§ What you should do
Would you please copy only the lines from the line that contains "Aexit DZ47-125 3" to the end of the data below, exactly, leaving every picture out?

§ Supplied records

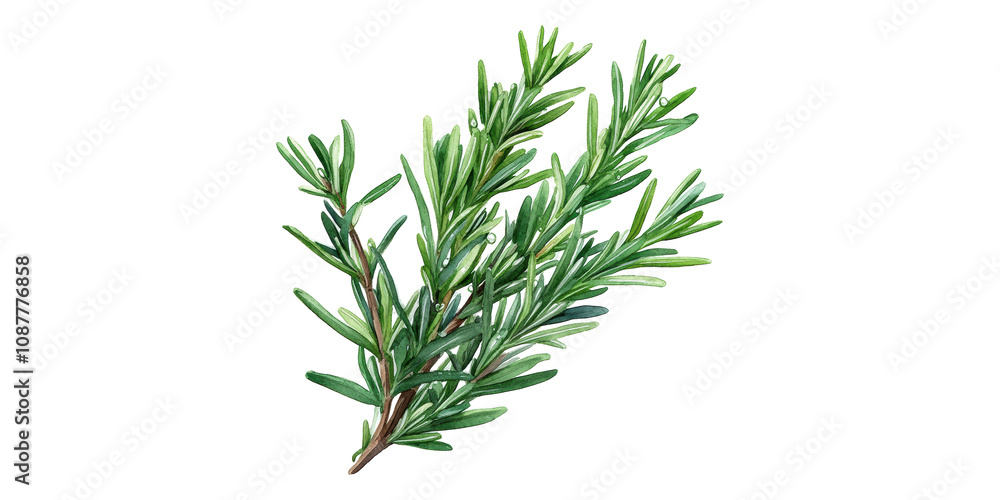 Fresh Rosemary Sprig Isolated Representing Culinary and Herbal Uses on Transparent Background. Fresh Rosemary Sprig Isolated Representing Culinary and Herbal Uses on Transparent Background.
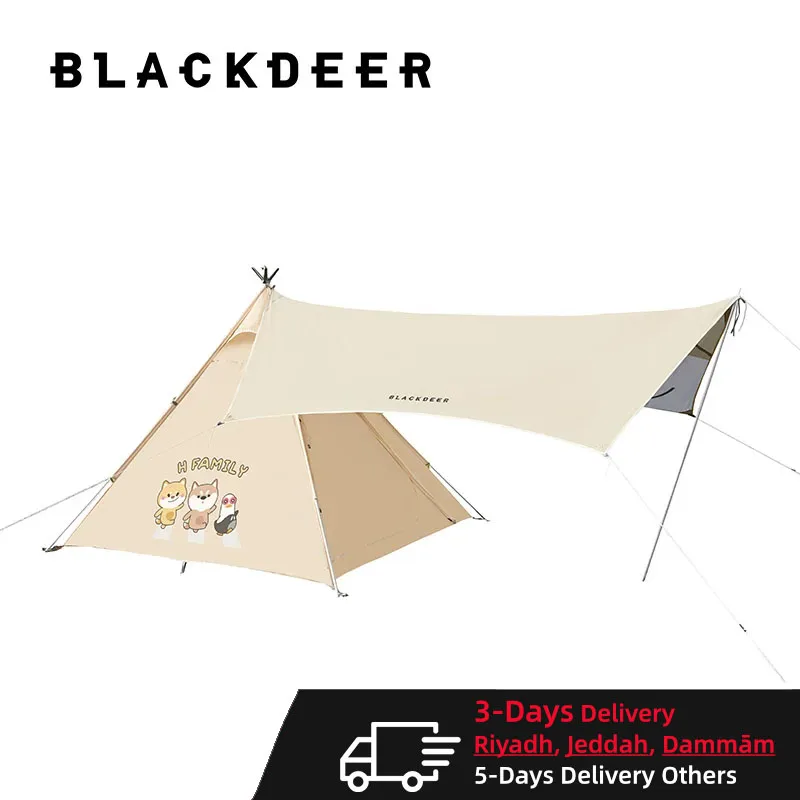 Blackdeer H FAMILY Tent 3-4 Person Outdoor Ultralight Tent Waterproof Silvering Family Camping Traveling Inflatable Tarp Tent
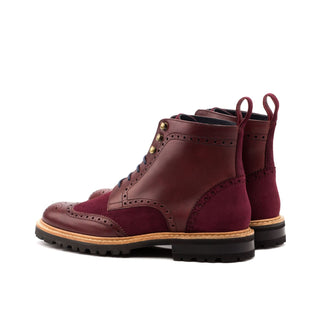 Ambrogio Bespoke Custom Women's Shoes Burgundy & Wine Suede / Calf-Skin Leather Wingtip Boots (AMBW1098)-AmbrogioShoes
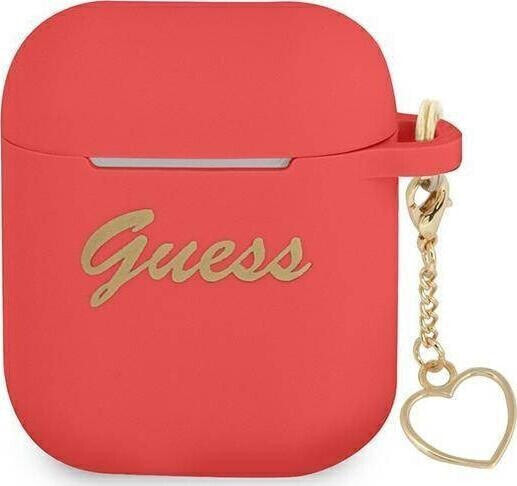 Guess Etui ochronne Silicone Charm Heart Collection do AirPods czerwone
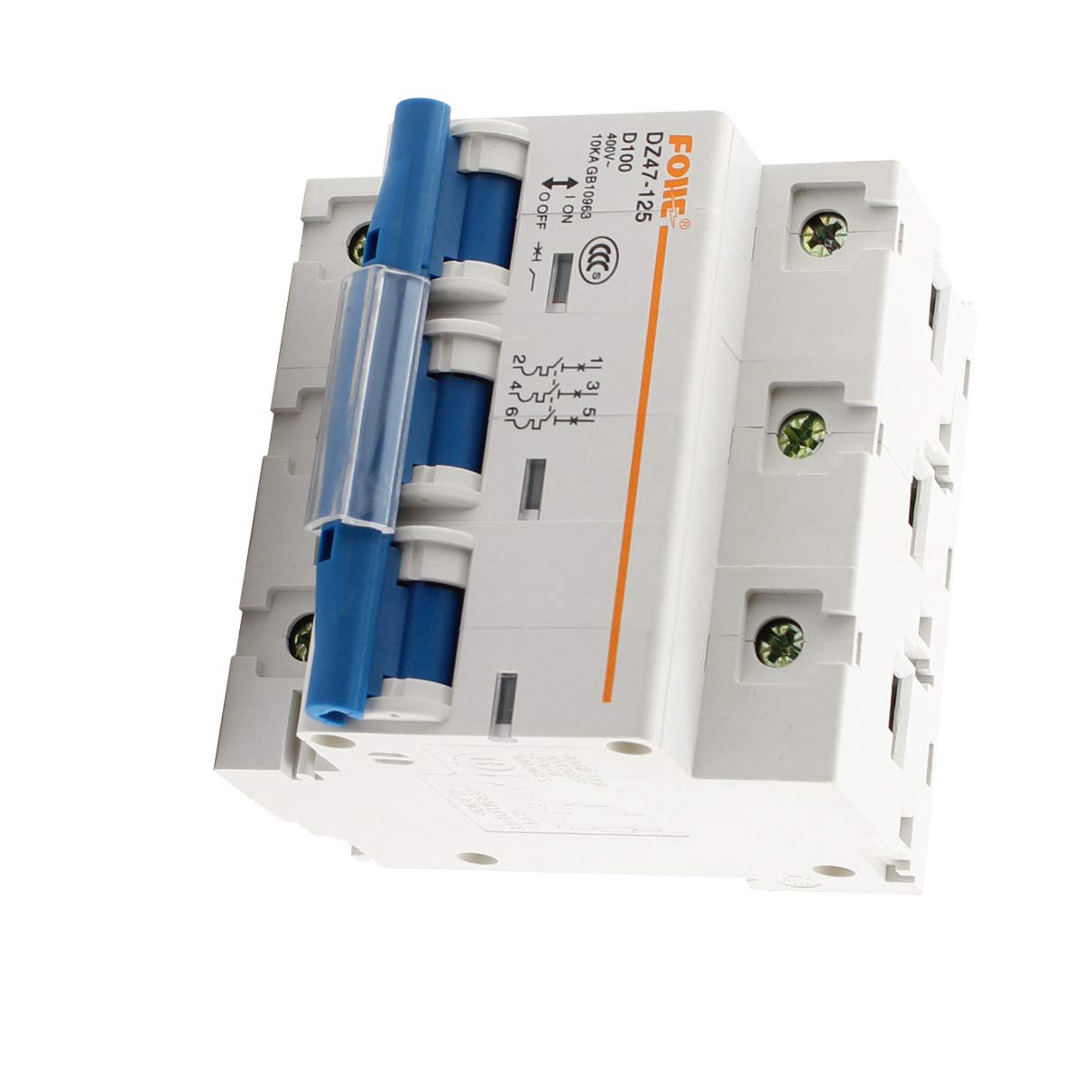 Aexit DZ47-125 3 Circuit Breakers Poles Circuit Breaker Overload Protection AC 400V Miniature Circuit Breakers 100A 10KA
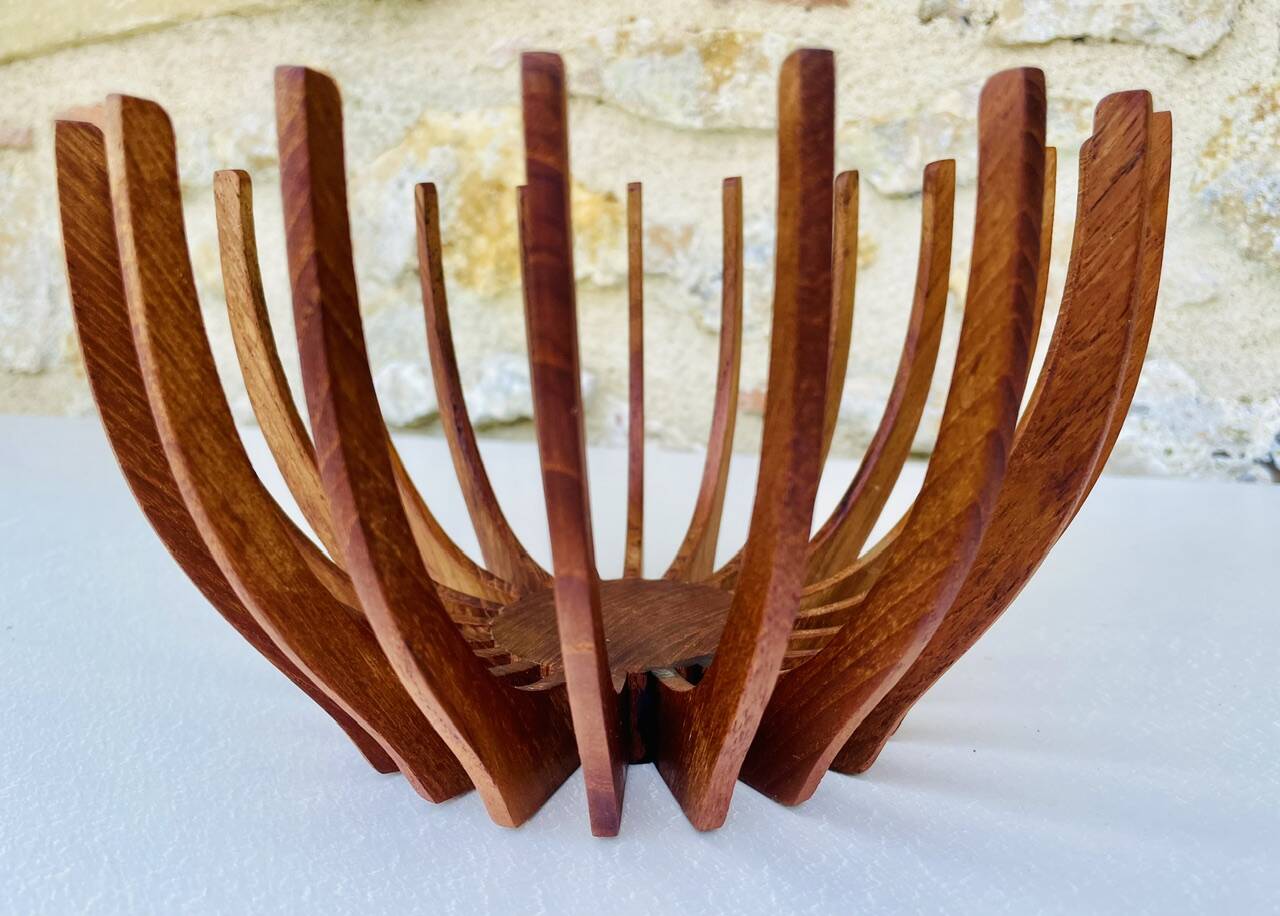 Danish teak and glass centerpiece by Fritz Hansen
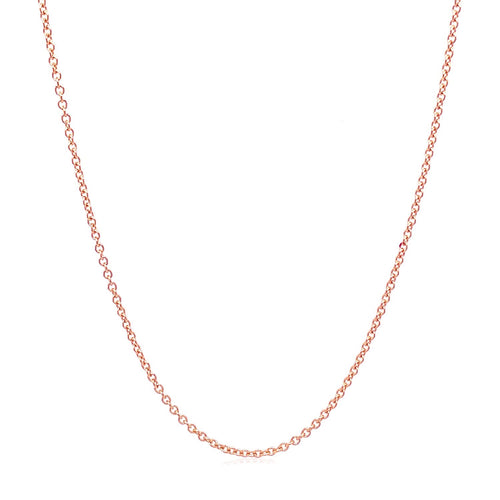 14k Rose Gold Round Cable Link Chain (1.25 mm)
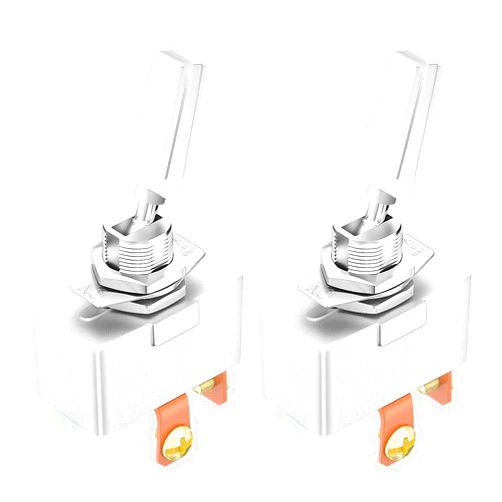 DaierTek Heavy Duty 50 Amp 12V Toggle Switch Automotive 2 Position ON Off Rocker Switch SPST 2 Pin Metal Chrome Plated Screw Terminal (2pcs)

§ Result for this exercise
 Aexit DZ47-125 3 Circuit Breakers Poles Circuit Breaker Overload Protection AC 400V Miniature Circuit Breakers 100A 10KA
 Danish teak and glass centerpiece by Fritz Hansen
 14k Rose Gold Round Cable Link Chain (1.25 mm)
 DaierTek Heavy Duty 50 Amp 12V Toggle Switch Automotive 2 Position ON Off Rocker Switch SPST 2 Pin Metal Chrome Plated Screw Terminal (2pcs)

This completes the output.